2. The persistence strategy has been modified to depend on a translation-unit-based cache backed by filesystem storage. This increases the granularity of the cache, and doesn’t allow unnecessary portions to reside in memory.

3. The opening of the textual and structural components of a file have been decoupled. In the new release, the textual element of the file is immediately displayed in the editor. Meanwhile, a background thread works on any required parsing tasks to obtain the structural element of the file.

According to the developer, this strategy would allow important new functionality to be introduced and evaluated, while still admitting daily users of SVEditor to continue to utilise the stable release.

What’s new in SVEditor 1.2.8
1. An issue that resulted in certain operators not being correctly coloured in the editor was corrected. Operator lists were stored in different places in the code, but now all the operators are listed in the SVOperators class.

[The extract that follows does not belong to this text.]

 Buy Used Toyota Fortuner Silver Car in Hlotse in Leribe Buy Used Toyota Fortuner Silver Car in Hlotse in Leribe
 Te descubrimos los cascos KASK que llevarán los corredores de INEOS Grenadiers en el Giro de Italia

2. An off-by-one line numbering issue with the Argument File editor was corrected. This issue caused errors to be annotated one line off from where they should have been positioned.

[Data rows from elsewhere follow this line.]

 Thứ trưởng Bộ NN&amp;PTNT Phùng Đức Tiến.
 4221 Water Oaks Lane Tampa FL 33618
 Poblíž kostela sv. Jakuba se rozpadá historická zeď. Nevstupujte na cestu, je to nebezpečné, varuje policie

3. There is now an enhanced argument-file editor to react to resource-variable changes.

4. A build issue with the 1.2.7 version, which caused the template-instantiation wizard not to load, has been corrected.

5. Support has been enhanced for editing files (that were not a part of an index), but within a project where configuration of indexed files occurs. This happens frequently, for example, when a new file is added to a project. With these enhancements, macro-definitions are pulled from the project’s index.

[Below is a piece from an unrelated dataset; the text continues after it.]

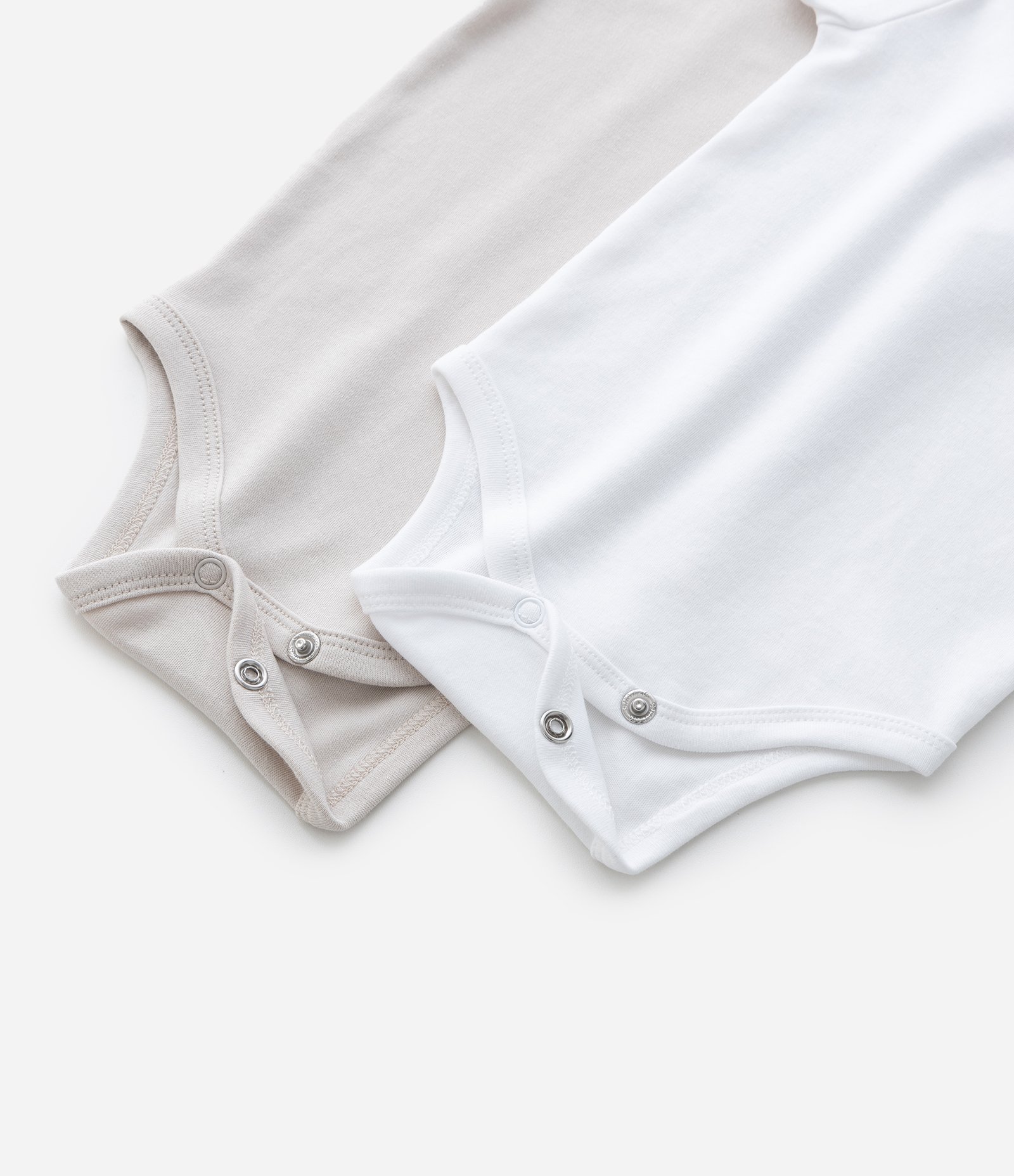 Kit 02 Bodies Básicos em Suedine com Gola Americana - Tam RN a 18 meses Branco/Bege Claro 6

6. A bug that involved ‘selected-word highlighting’ for words containing regular-expression character was corrected.

7. A bug that involved ‘first_match’ in an assertion was corrected.

8. A bug that involved ‘within’ being used within an assertion was corrected.

The future of SVEditor
There are many helpful features that developers would want to add to SVEditor. These include:

1. Locating references in the project sources to classes, methods, fields, etc.
2. Re-factoring support–renaming classes, methods, etc.
3. A more detailed analysis of the source structure.
4. Support for large design descriptions and the test bench.
5. Further distinguish the task of editing from parsing the source structure.